Records shown Start Marker

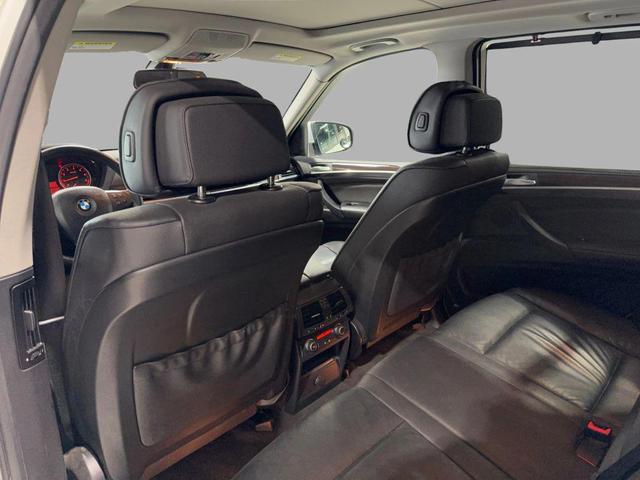 Photo of 2010 White BMW X5
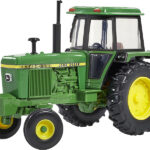 JOHN DEERE 4240 2RM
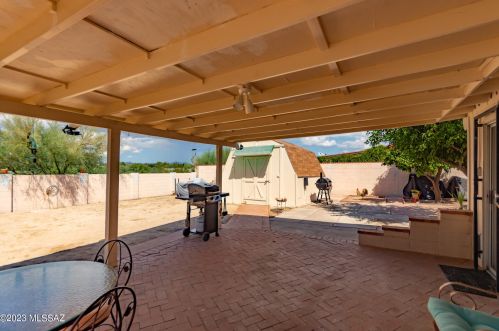 7313 Camino De La Tierra, Tucson AZ  85746-8300 exterior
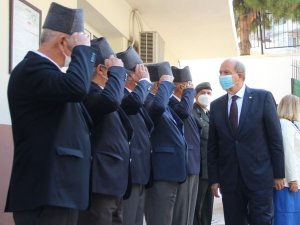 KKTC Cumhurbaşkanı Tatar, İzmir’de Kıbrıs gazileriyle buluştu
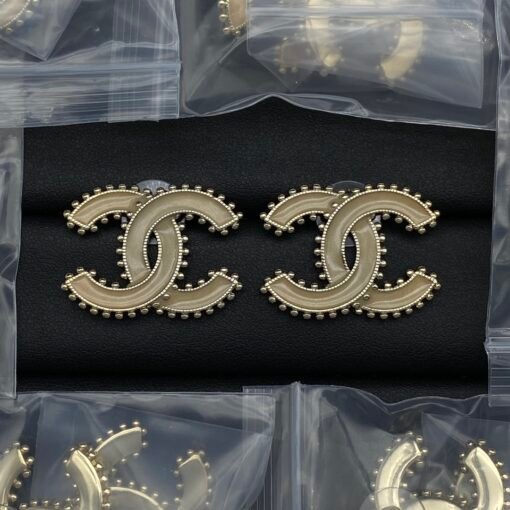 Chanel new earrings Coming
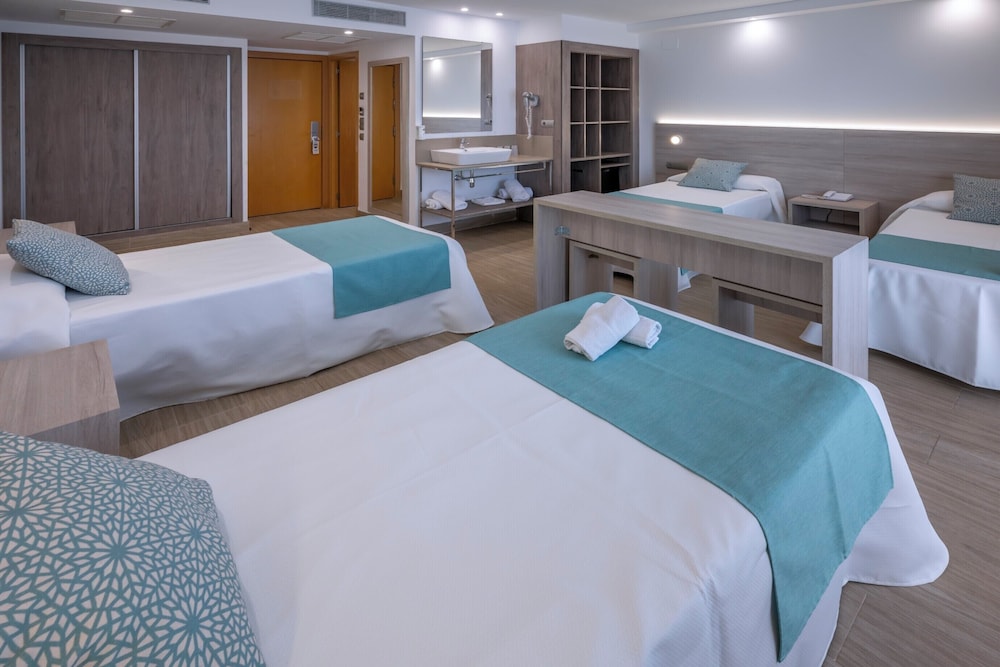 غرفة عائلية بأربعة أسرّة بشرفة، 4R Salou Park Resort II 7/10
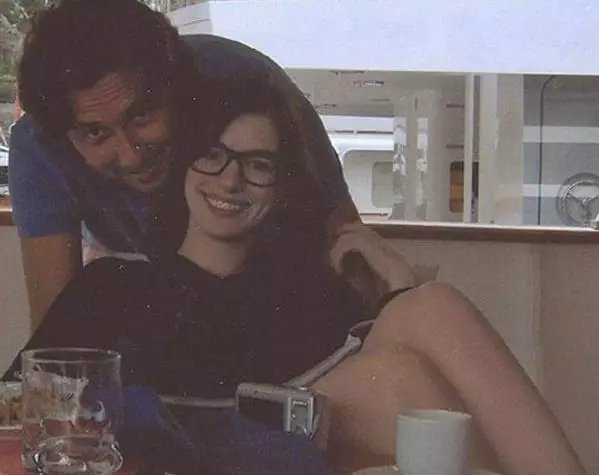 安妮海瑟薇：从万人追捧到人人唾弃的“绿茶”，她经历了什么？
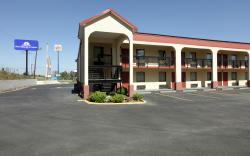 Americas Best Value Inn & Suites Macon at Eisenhower Pkwy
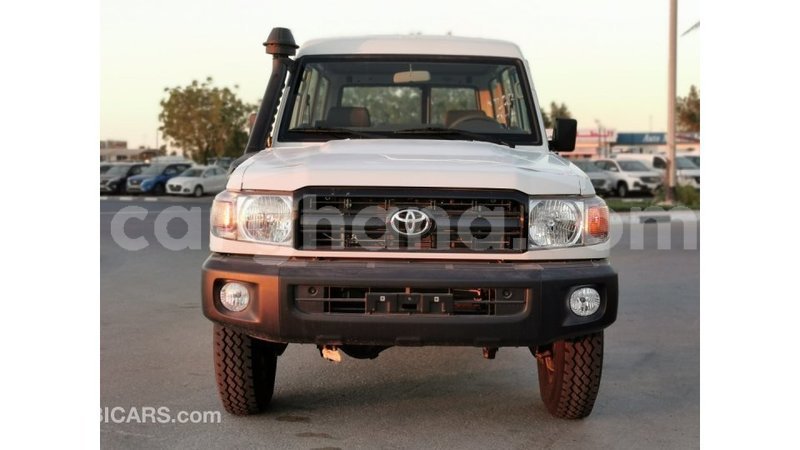 Big with watermark toyota land cruiser ashanti import dubai 16736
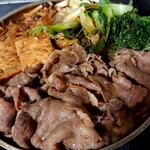 かずさ和牛工房 - Ａ５・リブロース670ｇのすき焼きです。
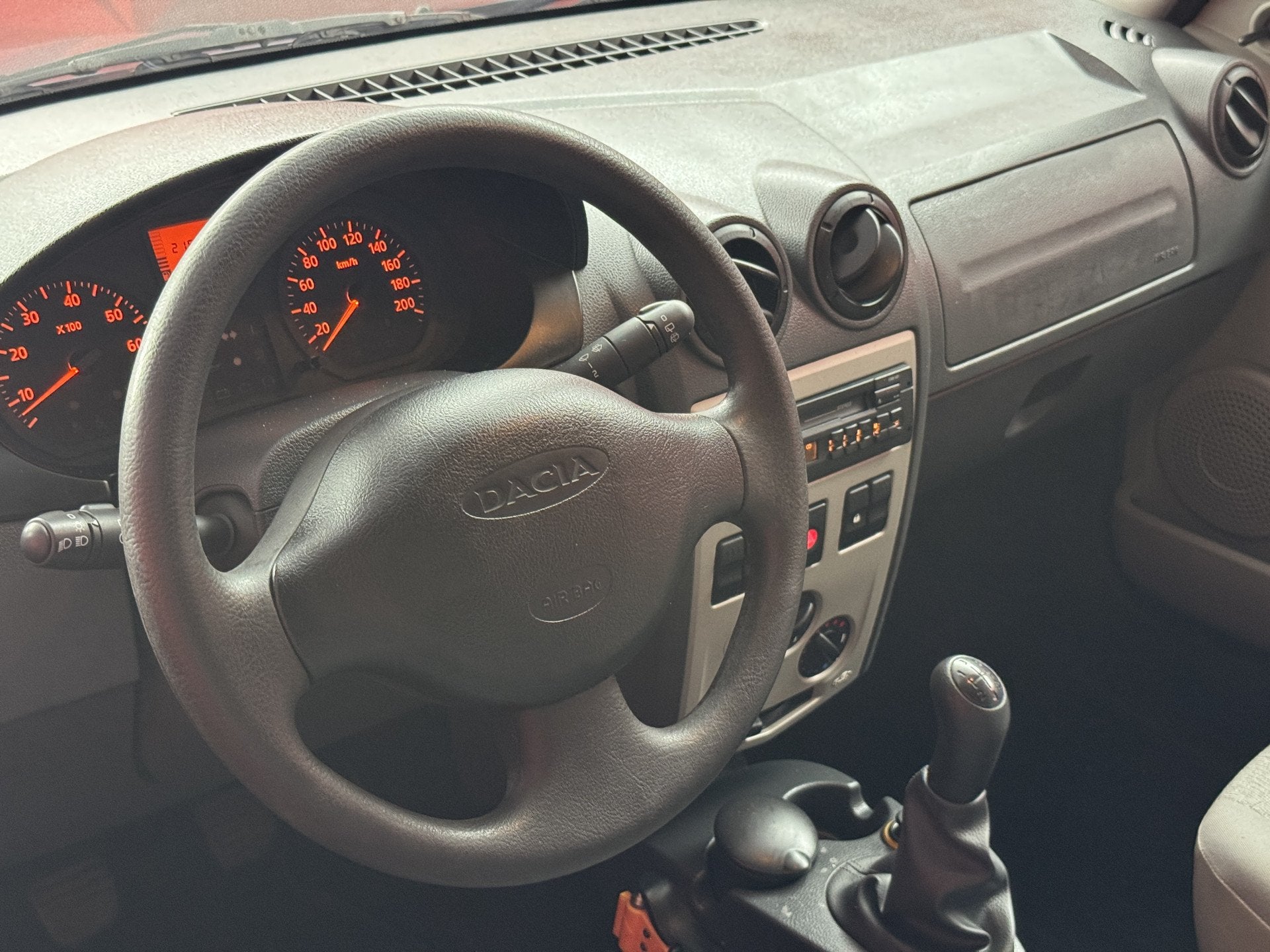 Dacia Logan MCV 1.4 Ambiance | Trekhaak | Radio | APK 25-06-, Auto's, Dacia, Stof, Gebruikt, Zwart, Blauw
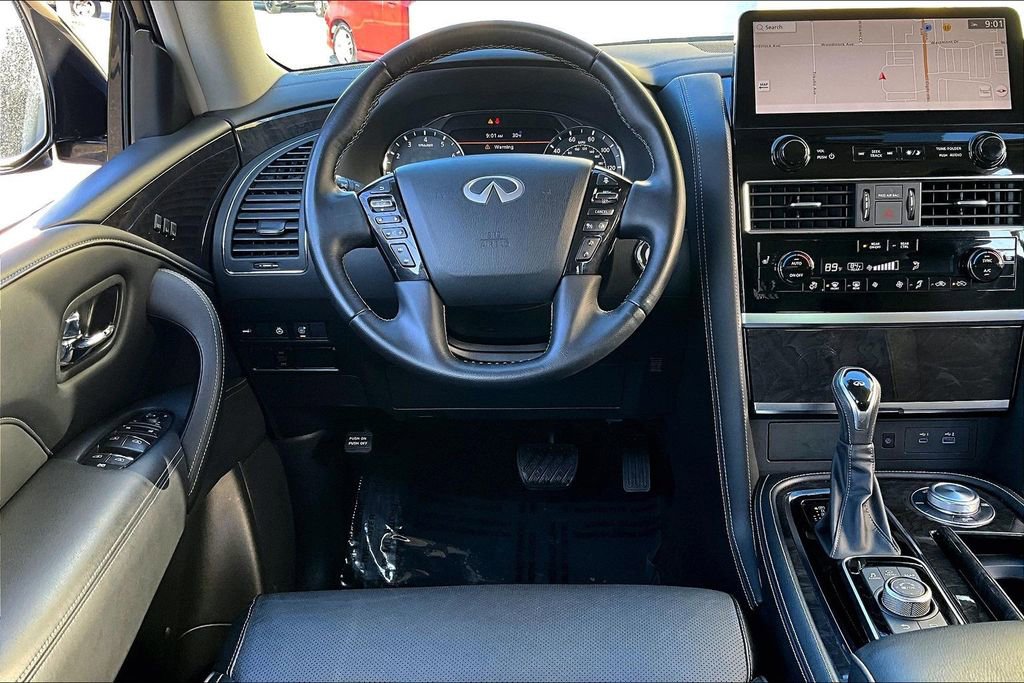Certified 2024 INFINITI QX80 Luxe image 17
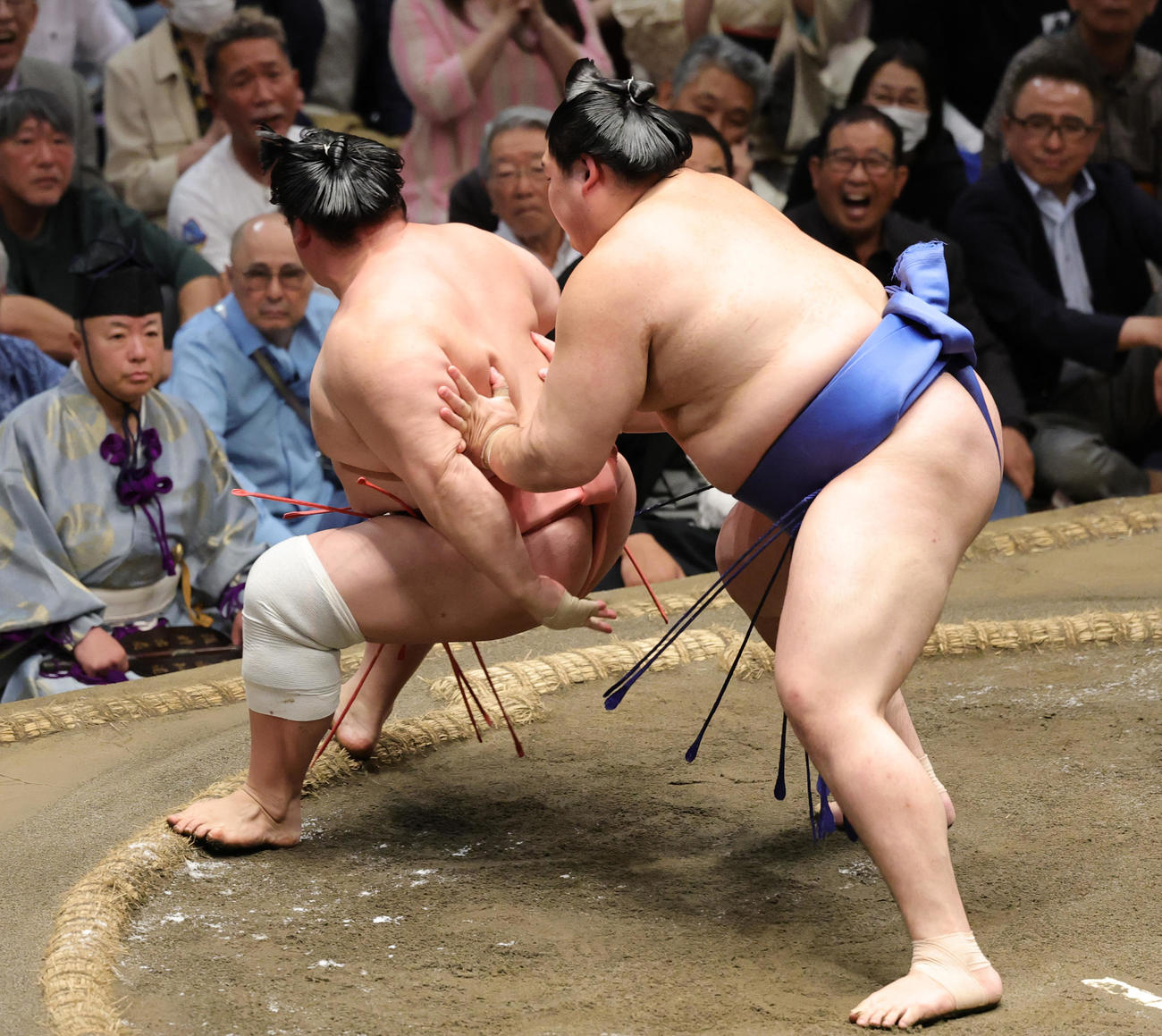 宇良（左）を送り出しで破った大の里（撮影・野上伸悟）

Records shown End Marker

* [Problem statement] Repeat exactly the lines above, from the line containing "Certified 2024 INFINITI QX80 Luxe image 17" through the last line of the records, inclusive; omit any pictures.

* [Exercise solution]
Certified 2024 INFINITI QX80 Luxe image 17
 宇良（左）を送り出しで破った大の里（撮影・野上伸悟）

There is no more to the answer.